Lipid-soluble drugs may concentrate in adipose tissue which is a large non-polar compartment. For example, halothane can concentrate in fat during long operations and its slow release can lead to prolonged CNS depression postoperatively. Certain pesticides such as DDT can also accumulate in fat and this can lead to long-term neurotoxicity.
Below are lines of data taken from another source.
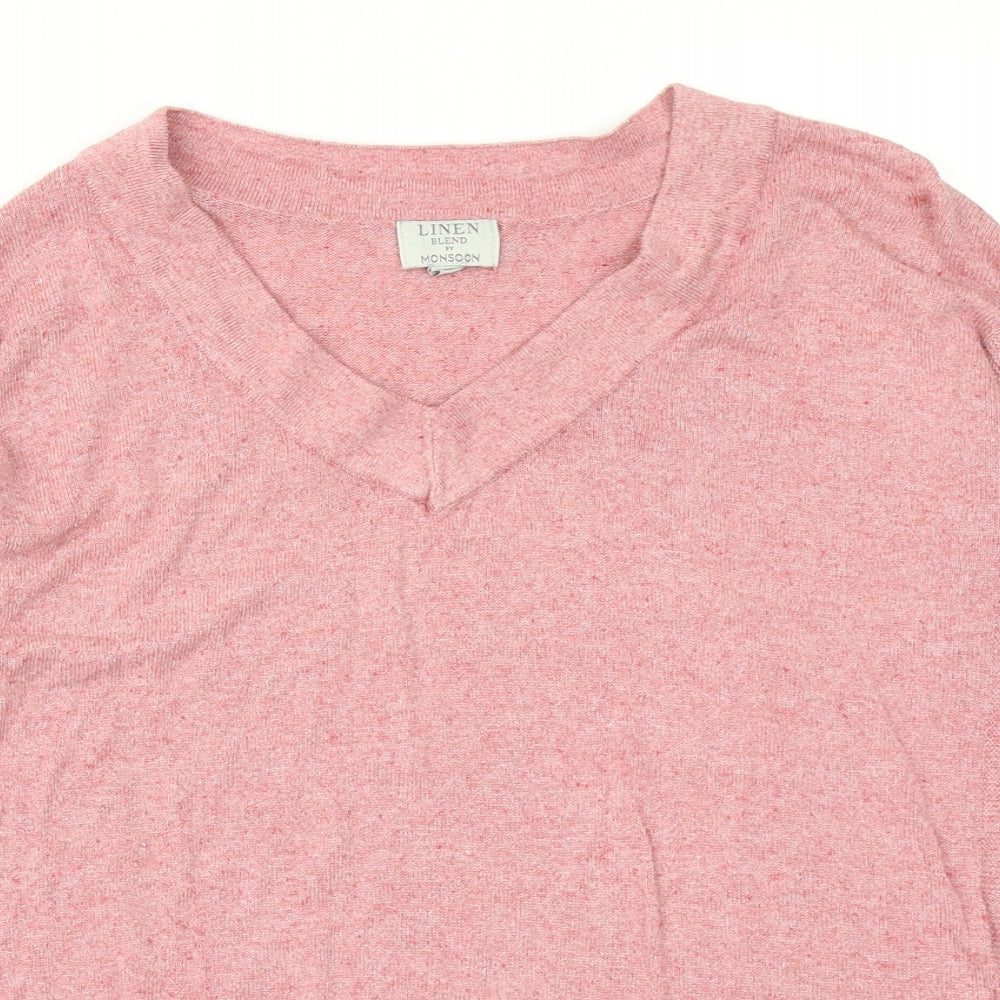 Womens UK Size S Monsoon Pink Pullover Jumper
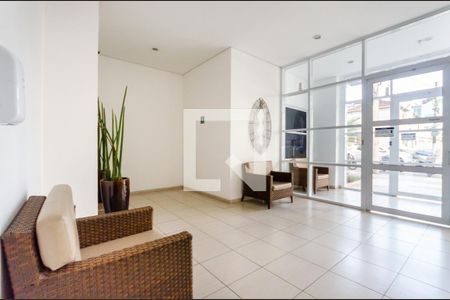 Hall de entrada de apartamento para alugar com 3 quartos, 99m² em Vila Belmiro, Santos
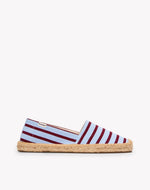 The Original Espadrille - Classic Stripes - Light Blue / Maroon - Women's - Women's Espadrilles - Light Blue / Maroon - Soludos - 
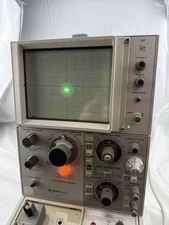 Tektronix 577 Transistor Curve Tracer with Standard Tester & Large Inline Tester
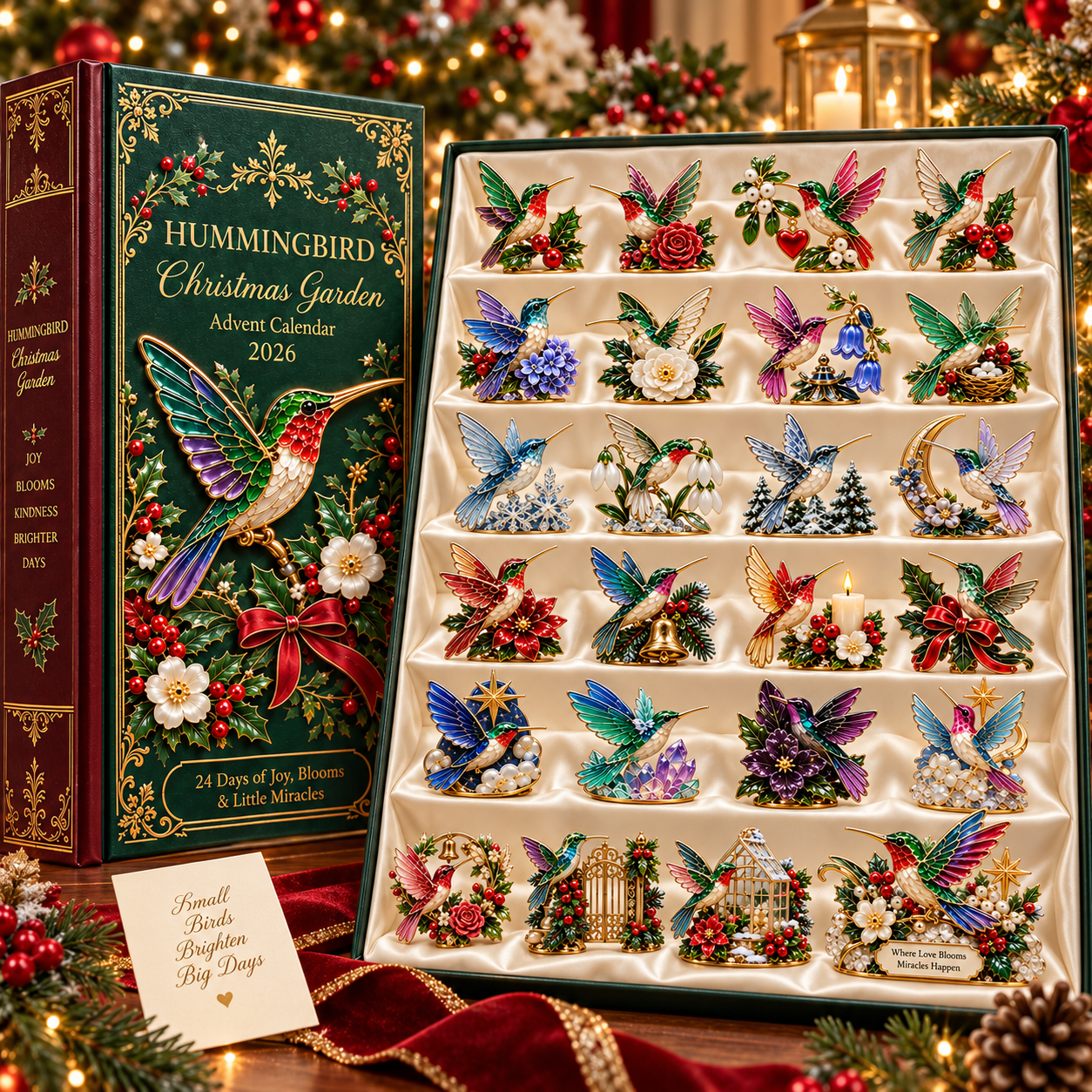 ⏳ Last day to save 61% 🐦24 Days of Joy in Bloom — Hummingbird Christmas Garden Advent Calendar 2026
Penetration of drugs into the brain

The endothelial cells lining brain capillaries are joined to each other by tight junctions to produce an unbroken cell membrane lining, which is the main element of the blood–brain barrier. This prevents passive entry into the brain of lipophobic/ionized molecules. An additional feature is the turnover of cerebrospinal fluid. This is produced by the choroid plexuses, flows through the ventricles and after reaching the outer surface of the brain drains into the blood at the arachnoid villi. Drugs that penetrate slowly will be removed by ‘washout’ in this way and achieve a steady-state concentration much below the plasma concentration.

Improvements in drug delivery

Pharmaceutical scientists have developed technologies to overcome some of the issues described above in order to improve drug delivery and tissue localization. Pro-drugs, biologically erodible nanoparticles, antibody-drug conjugates, packaging in liposomes, and coatable implantable devices are examples of how this may be achieved.